第254話 乃愛の不満③

2年前、当時中学3年生だった伊集院乃愛は第一志望の高校であった桜風学園への進学を諦めた。


学力的にも、将来を考えても入学したかった名門女子校。乃愛は社長令嬢であり、親は県内屈指のお嬢様学校である桜風学園に入学させたがっていた。だが、乃愛の進学時点での桜風学園にはまだ野球部がなかった。


だから乃愛は、同じように野球部がある学校の中で、桜風学園の次に学力の高い女子校である白桃女子への進学を決めたのだ。


もちろん、野球がやりたいから桜風学園への進学を拒むなんて伊集院家においては大問題であり、長期的に両親と揉め続けることになった。両親とは願書の出願間際までもめ続けたけど、2つ年下の妹の美愛みあが一緒に両親のことを説得し続けてくれたおかげで渋々ながら同意をしてくれたのだった。


「再来年、美愛が入学するまでに白桃女子を強くしておいてね」


白桃女子高校の入学式の前日に、美愛は乃愛に伝えた。クスクスと笑う美愛のことを見て、乃愛は目を丸くする。


「美愛も入学するつもりなの?」


「もちろんだよ! 美愛はお姉ちゃんと一緒のチームで日本一になるんだから!」


無邪気にVサインを向けてくる妹の笑顔を見て、ため息をついた。姉妹揃って白桃女子に入学するなんてことになったら両親はどのくらい怒るだろうかと思うと、乃愛は頭が痛くなる。


とはいえ、自分の進学を応援してくれた美愛のことを、今度は乃愛が後押ししてあげたいという気持ちは強い。


白桃女子高校野球部を強くして、名門校にしてしまえば両親への説得材料としてプラスになる。だから、乃愛はどんな手を使っても勝ちにいかなければならない。

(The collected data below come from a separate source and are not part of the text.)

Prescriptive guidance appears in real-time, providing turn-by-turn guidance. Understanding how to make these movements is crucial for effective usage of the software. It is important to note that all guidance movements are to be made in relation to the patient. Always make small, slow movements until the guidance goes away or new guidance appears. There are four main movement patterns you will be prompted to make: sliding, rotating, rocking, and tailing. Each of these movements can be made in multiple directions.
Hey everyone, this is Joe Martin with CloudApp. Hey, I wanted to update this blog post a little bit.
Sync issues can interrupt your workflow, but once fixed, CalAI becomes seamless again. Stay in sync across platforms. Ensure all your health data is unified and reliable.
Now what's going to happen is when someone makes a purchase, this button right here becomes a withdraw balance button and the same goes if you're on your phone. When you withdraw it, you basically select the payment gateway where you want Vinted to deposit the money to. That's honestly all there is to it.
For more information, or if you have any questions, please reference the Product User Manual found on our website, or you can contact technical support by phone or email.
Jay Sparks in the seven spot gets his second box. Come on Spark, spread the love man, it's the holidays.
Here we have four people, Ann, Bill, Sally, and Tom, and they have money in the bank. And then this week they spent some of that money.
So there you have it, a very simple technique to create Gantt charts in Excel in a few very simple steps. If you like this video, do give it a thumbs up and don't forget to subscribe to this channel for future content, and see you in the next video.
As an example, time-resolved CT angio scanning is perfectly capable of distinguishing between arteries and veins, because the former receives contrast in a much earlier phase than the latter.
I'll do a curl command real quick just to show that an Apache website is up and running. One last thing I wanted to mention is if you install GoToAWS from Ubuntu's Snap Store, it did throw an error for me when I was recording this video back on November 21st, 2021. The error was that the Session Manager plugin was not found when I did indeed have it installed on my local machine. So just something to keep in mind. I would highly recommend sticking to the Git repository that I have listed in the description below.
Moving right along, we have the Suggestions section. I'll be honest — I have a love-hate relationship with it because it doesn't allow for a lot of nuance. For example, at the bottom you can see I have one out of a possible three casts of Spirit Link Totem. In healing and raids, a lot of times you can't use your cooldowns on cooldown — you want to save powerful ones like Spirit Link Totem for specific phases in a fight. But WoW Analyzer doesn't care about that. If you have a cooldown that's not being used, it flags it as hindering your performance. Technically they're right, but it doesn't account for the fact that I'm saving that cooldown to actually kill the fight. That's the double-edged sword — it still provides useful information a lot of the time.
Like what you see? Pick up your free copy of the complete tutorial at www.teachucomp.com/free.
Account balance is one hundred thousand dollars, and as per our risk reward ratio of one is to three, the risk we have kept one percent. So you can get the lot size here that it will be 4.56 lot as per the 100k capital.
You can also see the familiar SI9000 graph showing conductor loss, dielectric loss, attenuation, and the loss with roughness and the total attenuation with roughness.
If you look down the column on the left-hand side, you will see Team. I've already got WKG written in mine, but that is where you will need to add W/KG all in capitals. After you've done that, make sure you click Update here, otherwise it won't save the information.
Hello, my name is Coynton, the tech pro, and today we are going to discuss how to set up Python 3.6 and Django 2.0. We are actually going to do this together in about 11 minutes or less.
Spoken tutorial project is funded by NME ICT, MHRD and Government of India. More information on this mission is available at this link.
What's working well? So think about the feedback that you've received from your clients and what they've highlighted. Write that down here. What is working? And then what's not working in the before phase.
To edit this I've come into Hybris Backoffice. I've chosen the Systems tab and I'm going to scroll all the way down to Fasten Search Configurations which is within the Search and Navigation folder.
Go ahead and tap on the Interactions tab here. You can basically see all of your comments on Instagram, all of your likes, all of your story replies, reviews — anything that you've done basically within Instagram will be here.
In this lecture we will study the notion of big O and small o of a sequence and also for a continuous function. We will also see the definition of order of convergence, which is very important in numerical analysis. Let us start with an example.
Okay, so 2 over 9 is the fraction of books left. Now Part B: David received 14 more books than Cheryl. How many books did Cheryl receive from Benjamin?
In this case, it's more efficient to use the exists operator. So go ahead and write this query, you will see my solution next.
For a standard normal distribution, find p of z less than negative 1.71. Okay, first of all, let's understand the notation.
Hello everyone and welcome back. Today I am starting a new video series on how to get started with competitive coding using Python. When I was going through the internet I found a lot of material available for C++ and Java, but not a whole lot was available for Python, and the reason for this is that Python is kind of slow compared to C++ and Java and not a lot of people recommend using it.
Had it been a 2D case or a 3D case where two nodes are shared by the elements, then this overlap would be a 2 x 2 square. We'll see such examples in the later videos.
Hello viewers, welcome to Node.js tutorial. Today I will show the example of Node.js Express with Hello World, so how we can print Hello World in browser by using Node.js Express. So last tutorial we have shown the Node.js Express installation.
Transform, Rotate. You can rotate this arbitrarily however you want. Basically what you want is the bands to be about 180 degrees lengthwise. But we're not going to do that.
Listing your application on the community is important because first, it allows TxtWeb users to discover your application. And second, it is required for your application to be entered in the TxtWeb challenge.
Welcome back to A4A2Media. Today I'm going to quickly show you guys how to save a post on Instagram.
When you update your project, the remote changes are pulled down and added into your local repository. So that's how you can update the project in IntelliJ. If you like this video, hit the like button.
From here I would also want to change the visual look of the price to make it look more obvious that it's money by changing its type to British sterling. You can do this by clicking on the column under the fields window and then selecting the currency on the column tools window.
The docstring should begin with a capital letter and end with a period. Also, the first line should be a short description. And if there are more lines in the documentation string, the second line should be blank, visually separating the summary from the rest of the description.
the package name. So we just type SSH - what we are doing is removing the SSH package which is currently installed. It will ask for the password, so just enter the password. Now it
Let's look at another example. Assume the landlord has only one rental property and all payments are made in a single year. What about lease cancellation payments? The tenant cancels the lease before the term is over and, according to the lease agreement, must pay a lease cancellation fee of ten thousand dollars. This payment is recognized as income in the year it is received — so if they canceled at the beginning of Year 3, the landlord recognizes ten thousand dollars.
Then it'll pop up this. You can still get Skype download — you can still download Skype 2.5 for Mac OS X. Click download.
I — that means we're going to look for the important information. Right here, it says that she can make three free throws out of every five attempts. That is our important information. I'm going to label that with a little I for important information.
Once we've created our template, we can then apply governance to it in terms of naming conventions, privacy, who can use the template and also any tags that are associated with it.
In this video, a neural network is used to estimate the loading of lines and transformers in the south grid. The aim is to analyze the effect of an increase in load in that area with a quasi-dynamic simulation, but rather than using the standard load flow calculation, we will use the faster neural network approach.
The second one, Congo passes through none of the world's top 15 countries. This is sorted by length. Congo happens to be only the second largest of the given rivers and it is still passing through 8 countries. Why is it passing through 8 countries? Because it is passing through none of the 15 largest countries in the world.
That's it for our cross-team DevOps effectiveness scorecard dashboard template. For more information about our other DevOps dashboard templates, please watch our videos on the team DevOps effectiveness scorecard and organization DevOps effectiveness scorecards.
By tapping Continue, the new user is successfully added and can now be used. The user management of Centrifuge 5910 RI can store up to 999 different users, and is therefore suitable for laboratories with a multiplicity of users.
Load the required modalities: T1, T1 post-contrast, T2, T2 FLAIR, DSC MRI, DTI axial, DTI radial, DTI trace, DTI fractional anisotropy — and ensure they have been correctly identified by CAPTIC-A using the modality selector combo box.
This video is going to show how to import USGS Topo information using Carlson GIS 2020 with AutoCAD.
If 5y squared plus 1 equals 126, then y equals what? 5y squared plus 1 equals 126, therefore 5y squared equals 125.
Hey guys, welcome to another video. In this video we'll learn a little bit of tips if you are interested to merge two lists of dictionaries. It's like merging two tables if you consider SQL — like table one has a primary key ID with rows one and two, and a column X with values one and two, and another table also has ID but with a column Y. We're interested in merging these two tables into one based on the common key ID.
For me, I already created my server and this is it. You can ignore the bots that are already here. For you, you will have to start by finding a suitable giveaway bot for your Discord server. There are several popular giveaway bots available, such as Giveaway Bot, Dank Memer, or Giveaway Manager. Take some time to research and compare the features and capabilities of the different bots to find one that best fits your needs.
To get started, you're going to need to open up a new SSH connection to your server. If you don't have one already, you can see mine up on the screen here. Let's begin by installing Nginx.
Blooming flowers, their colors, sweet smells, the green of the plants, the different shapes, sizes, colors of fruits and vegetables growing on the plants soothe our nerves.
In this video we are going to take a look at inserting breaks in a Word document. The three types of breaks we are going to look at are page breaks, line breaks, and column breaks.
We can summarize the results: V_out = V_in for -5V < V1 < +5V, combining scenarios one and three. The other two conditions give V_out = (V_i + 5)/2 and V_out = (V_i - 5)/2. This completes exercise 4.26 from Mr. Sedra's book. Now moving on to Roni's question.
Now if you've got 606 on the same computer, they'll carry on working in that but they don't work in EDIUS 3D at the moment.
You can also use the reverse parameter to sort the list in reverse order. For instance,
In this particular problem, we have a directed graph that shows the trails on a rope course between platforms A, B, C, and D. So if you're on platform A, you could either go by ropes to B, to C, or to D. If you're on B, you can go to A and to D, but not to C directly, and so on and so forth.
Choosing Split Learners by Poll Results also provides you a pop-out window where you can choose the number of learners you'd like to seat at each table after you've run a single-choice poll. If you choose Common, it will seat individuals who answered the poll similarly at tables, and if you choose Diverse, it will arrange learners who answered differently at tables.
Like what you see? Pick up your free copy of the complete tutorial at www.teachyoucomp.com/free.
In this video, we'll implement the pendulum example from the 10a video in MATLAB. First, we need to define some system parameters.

まあ、そもそも桜風学園に野球部があれば乃愛も美愛も進学問題に頭を抱える必要なんてなかったのだけど、ないものはしかたがない。お嬢様学校の校風的にも泥まみれになる野球とは相性も悪そうだし、もう諦めるしかないと思い覚悟も決めていたのに……。


(それなのに、どうして桜風学園に野球部があるのよ!)


外で活動のする運動部自体の存在しなかった桜風学園にはこれから野球部ができる見込みは少ないと確信していた。それにも関わらず、なぜ目の前には桜風学園野球部という存在していなかった部があるのか。


「絶対に負けませんから……!」


乃愛は両手に思い切り力を入れてからもう一度桜風学園ベンチを睨みつけた。